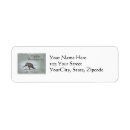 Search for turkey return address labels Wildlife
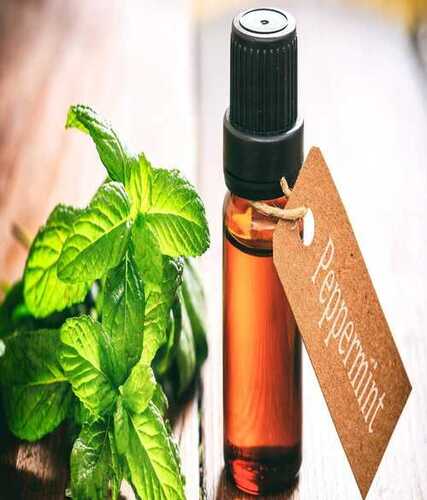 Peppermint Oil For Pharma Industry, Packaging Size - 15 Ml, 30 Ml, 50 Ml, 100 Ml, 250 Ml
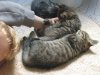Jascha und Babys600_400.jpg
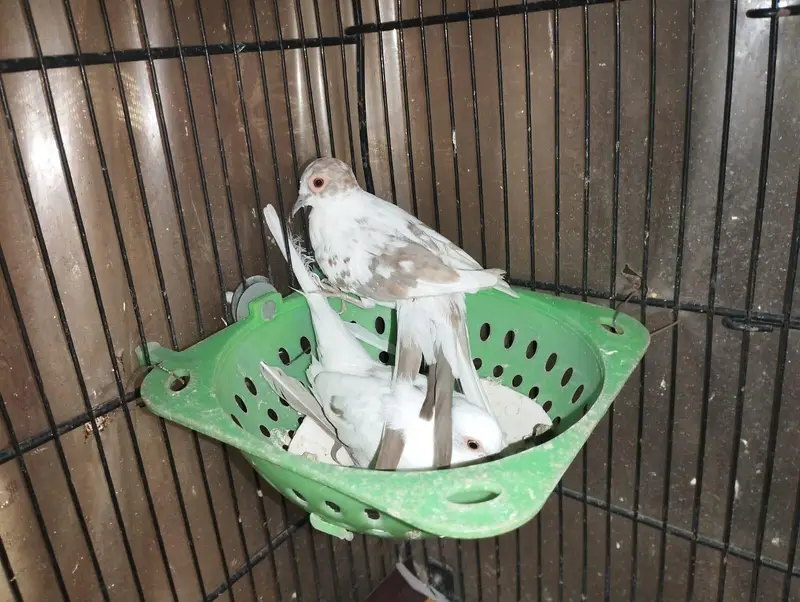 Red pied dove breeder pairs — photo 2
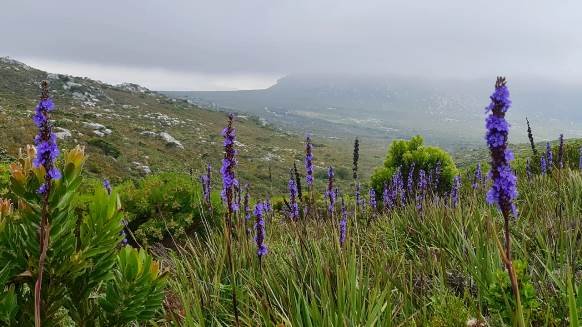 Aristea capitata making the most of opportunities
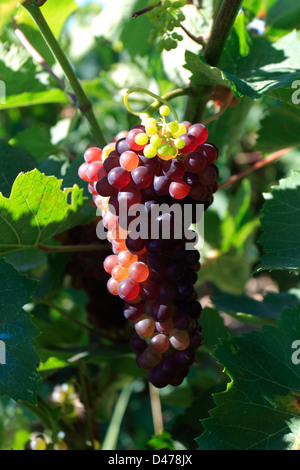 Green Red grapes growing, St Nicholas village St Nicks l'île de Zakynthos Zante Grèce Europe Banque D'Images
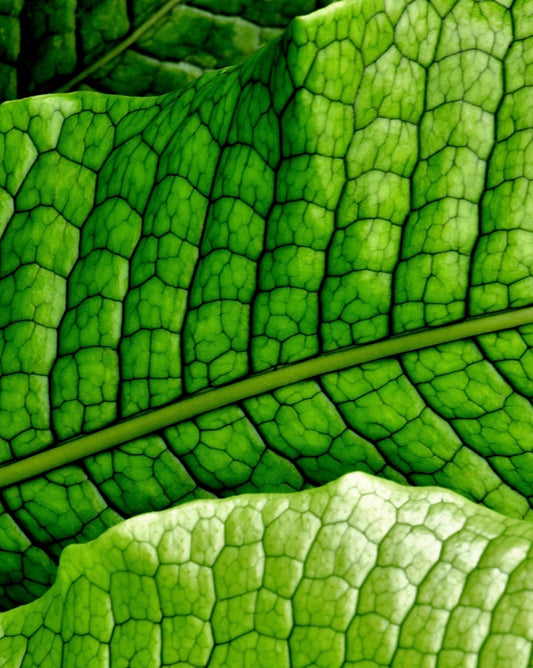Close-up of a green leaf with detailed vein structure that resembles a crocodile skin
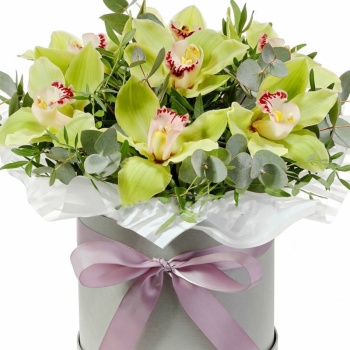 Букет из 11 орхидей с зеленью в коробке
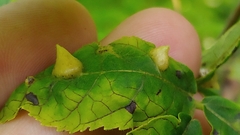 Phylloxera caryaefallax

═══

# [WORK INSTRUCTIONS]
Nothing should be printed except the lines from the one with "Close-up of a" through the last line of the listing above, both ends included; please drop the pictures.

# [EXERCISE SOLUTION]
Close-up of a green leaf with detailed vein structure that resembles a crocodile skin
 Букет из 11 орхидей с зеленью в коробке
 Phylloxera caryaefallax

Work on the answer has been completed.